CREATE OR REPLACE DYNAMIC TABLE FROSTBYTE_TASTY_BYTES.HARMONIZED.ORDERS_DT
TARGET_LAG = 'DOWNSTREAM'
WAREHOUSE = 'TASTY_DE_WH'
REFRESH_MODE=INCREMENTAL
AS 
SELECT 
    oh.order_id,
    oh.truck_id,
    oh.order_ts,
    od.order_detail_id,
    od.line_number,
    od.menu_item_id,
    od.quantity,
    od.unit_price,
    od.price,
    oh.order_amount,
    oh.order_tax_amount,
    oh.order_discount_amount,
    oh.order_total,
    oh.location_id,
    oh.customer_id
FROM frostbyte_tasty_bytes.raw_pos.order_detail od
JOIN frostbyte_tasty_bytes.raw_pos.order_header oh
    ON od.order_id = oh.order_id;

We can chain dynamic tables to create a medallion architecture within Snowflake. 

In [None]:
-- =========================================
-- 3. Enriching the Data – Gold Layer
-- =========================================
-- Bringing in additional dimensional data without manual pipeline management.
CREATE OR REPLACE DYNAMIC TABLE FROSTBYTE_TASTY_BYTES.HARMONIZED.ORDERS_ENRICHED_DT
TARGET_LAG = '5 minutes'
WAREHOUSE = 'TASTY_DE_WH'
REFRESH_MODE=INCREMENTAL
AS 
SELECT 
    s.*,
    m.truck_brand_name,
    m.menu_type,
    m.menu_item_name,
    t.primary_city,
    t.region,
    t.country,
    t.franchise_flag,
    t.franchise_id,
    f.first_name AS franchisee_first_name,
    f.last_name AS franchisee_last_name,
    cl.first_name,
    cl.last_name,
    cl.e_mail,
    cl.phone_number,
    cl.children_count,
    cl.gender,
    cl.marital_status
FROM FROSTBYTE_TASTY_BYTES.HARMONIZED.ORDERS_DT s
JOIN frostbyte_tasty_bytes.raw_pos.truck t 
    ON s.truck_id = t.truck_id
JOIN frostbyte_tasty_bytes.raw_pos.menu m 
    ON s.menu_item_id = m.menu_item_id
JOIN frostbyte_tasty_bytes.raw_pos.franchise f 
    ON t.franchise_id = f.franchise_id
LEFT JOIN frostbyte_tasty_bytes.raw_customer.customer_loyalty cl
    ON s.customer_id = cl.customer_id;


### Snowflake Data Management Features

1. **Zero-Copy Cloning**
   - Creates instant copy of table without duplicating storage
   - Only new/modified data consumes additional space
   - Perfect for testing, development, and backup scenarios
   - Syntax: `CREATE TABLE new_table CLONE source_table`

2. **Time Travel**
   - Allows querying historical data states
   - Access data from a specific point in time
   - No need to restore backups
   - Syntax: `SELECT * FROM table AT (TIMESTAMP => time_expression)`
   - Default retention: 24 hours (Enterprise: up to 90 days)

In [None]:
-- =========================================
-- 4. Zero-Copy Cloning
-- =========================================
-- Instantly create a copy of a table without consuming extra storage.
USE ROLE ACCOUNTADMIN;
CREATE OR REPLACE TABLE FROSTBYTE_TASTY_BYTES.RAW_CUSTOMER.CUSTOMER_LOYALTY_DEV
CLONE FROSTBYTE_TASTY_BYTES.RAW_CUSTOMER.CUSTOMER_LOYALTY;



### Use Case 4

Description:Demonstrate how to identify the root cause from notifications in a pipeline failure.

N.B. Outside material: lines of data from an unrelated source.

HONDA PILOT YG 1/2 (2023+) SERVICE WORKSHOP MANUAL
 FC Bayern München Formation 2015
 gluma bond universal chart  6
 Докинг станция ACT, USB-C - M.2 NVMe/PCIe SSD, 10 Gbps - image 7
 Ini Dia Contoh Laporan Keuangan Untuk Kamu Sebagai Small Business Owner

Let's go into the UI to look at our dynamic tables and pipeline failures. 

### Use Case 8
Description: Demonstrate if and how we can set policies to enable data to be cached. Demonstrate if the platform provides ways to automatically optimize memory or storage.

Snowflake has three built-in mechanisms for caching:
- Result Cache: Stores query results for 24 hours
- Metadata Cache: Stores table structure info
- Data Cache: Stores temp data in warehouse local storage

All caches are automatically managed by Snowflake.

In the example below, we use Snowpark (Python for Snowflake). If we run the same query again, we use the RESULT CACHE. This does not incur a compute cost.

In [None]:
from snowflake.snowpark.functions import col
from snowflake.snowpark.context import get_active_session

session = get_active_session()
df = session.table('FROSTBYTE_TASTY_BYTES.HARMONIZED.ORDERS_ENRICHED_DT') \
    .select(col('menu_type'), col('region')) \
    .groupBy('menu_type', 'region') \
    .count()
df.show()

In [None]:
#Running it again

df.show()

We can also go into the query history to see whether the query used a warehouse or used a cache.